Start of Data shown

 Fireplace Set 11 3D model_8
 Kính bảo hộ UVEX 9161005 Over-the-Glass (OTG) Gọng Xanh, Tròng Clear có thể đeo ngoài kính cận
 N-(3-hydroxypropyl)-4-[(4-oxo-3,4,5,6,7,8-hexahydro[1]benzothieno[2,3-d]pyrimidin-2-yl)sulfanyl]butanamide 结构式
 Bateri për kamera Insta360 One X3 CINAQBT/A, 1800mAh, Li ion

End of Data shown
Start of Data shown

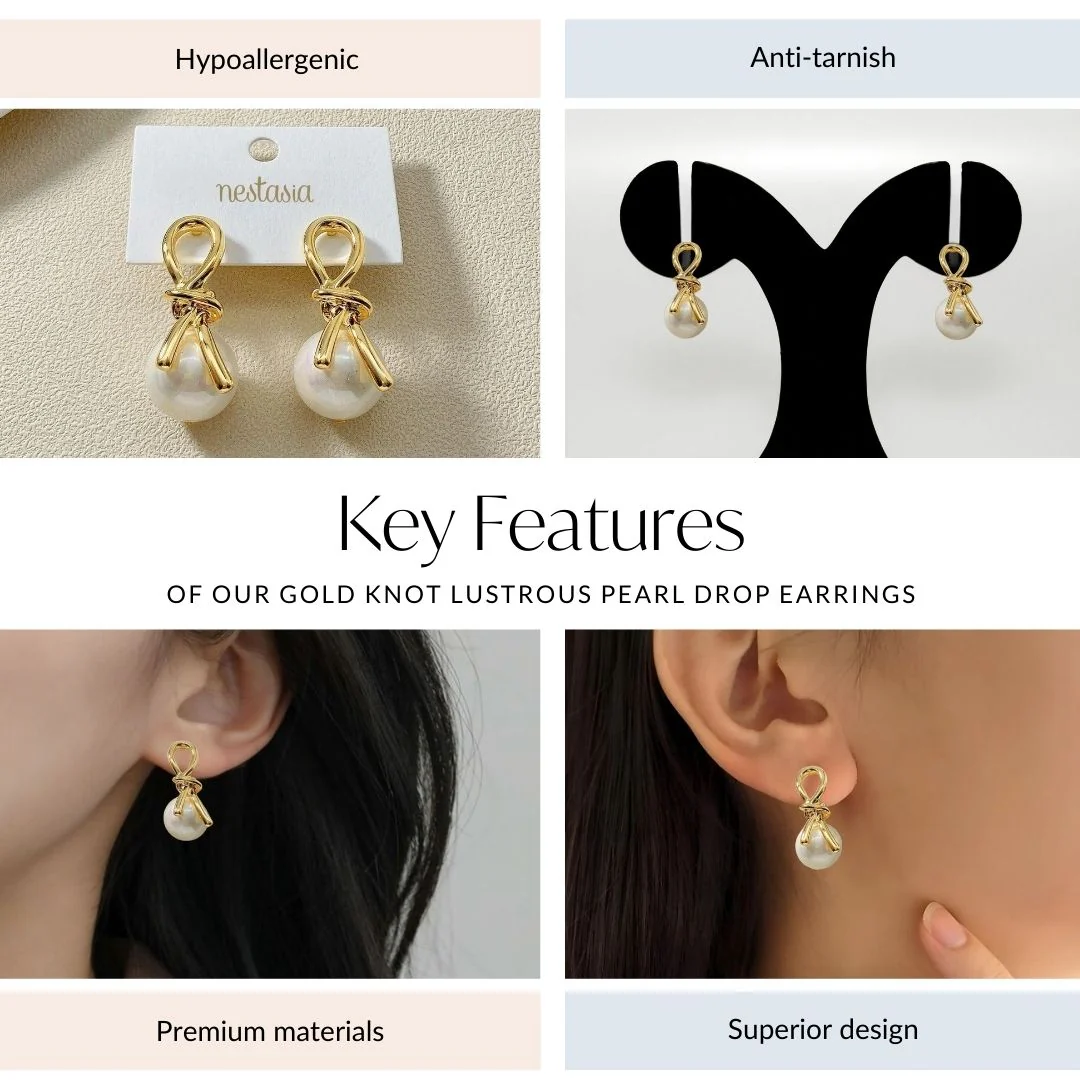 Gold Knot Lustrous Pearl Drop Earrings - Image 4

End of Data shown
Start of Data shown

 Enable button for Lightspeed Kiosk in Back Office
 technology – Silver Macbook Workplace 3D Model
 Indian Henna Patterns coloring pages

End of Data shown

→ **Directions for this task**
Output should match, line for line, the stretch of the material above from the line holding "technology – Silver" through the line holding "Indian Henna Patterns coloring pages".

→ **Response to this exercise**
 technology – Silver Macbook Workplace 3D Model
 Indian Henna Patterns coloring pages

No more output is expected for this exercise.